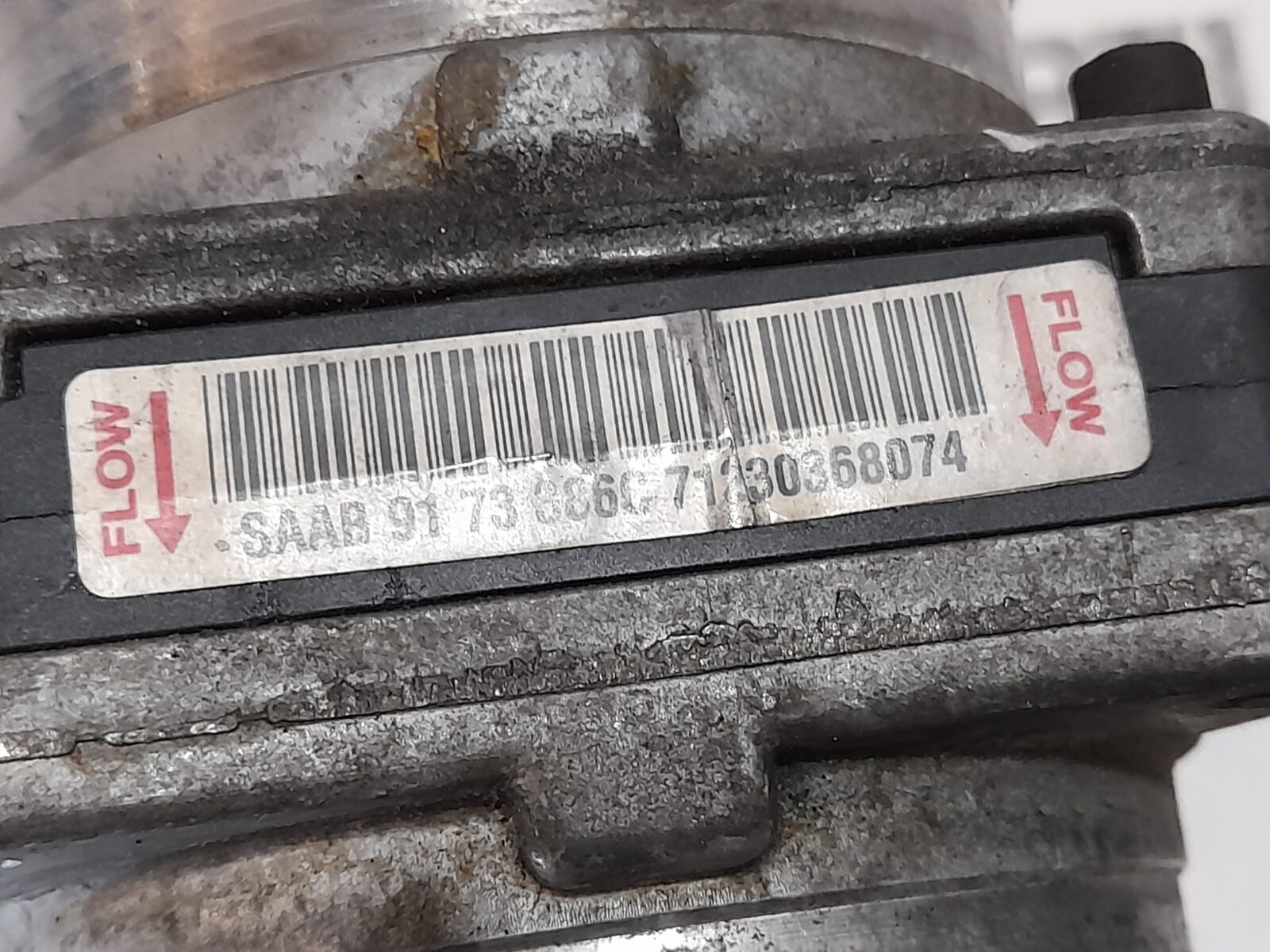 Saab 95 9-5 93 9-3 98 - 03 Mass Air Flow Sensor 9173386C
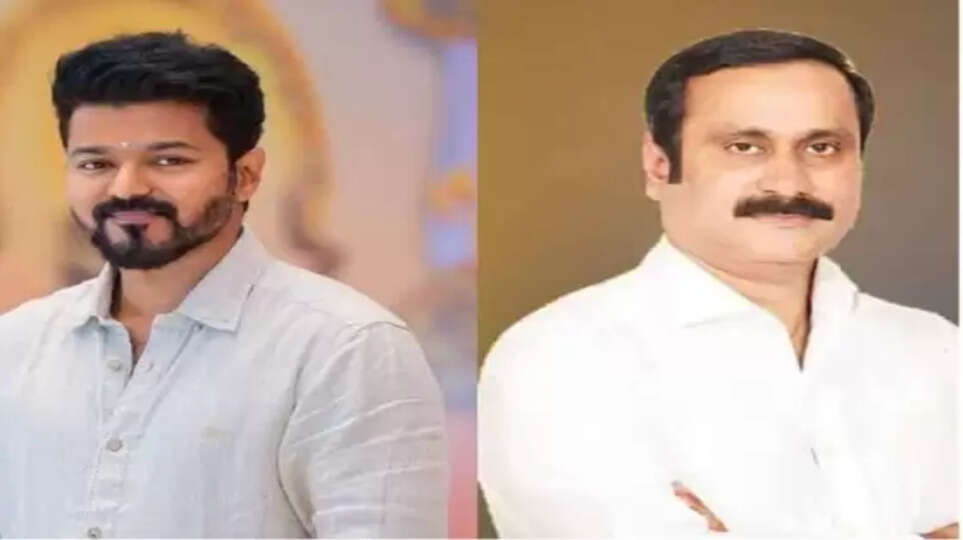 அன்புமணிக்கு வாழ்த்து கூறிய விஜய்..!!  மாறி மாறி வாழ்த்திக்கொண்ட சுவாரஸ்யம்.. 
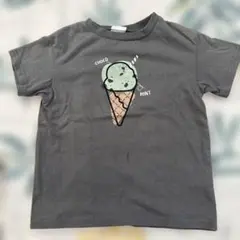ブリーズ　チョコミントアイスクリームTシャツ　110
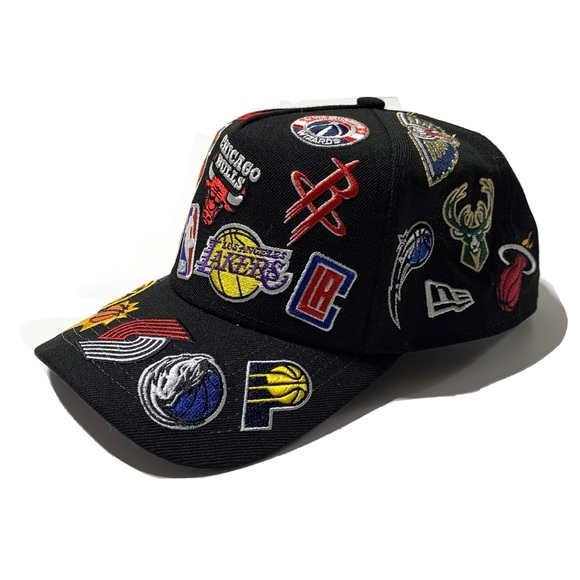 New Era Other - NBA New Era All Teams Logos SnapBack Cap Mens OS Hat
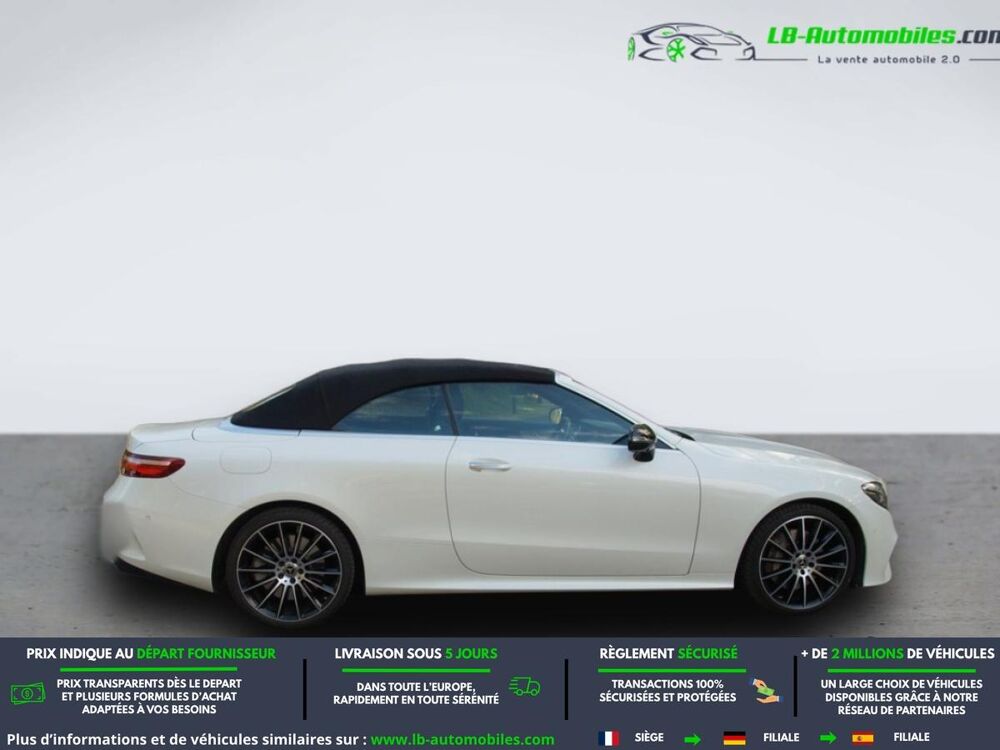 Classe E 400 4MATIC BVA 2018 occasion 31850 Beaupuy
==
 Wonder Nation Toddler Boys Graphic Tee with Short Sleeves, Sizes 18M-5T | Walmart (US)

## WHAT THE TASK ASKS
Using the data above, retype exactly the lines from the line with "New Era Other" to the line with "Classe E 400", inclusive. No pictures and nothing else.

## ANSWER SECTION
 New Era Other - NBA New Era All Teams Logos SnapBack Cap Mens OS Hat
 Classe E 400 4MATIC BVA 2018 occasion 31850 Beaupuy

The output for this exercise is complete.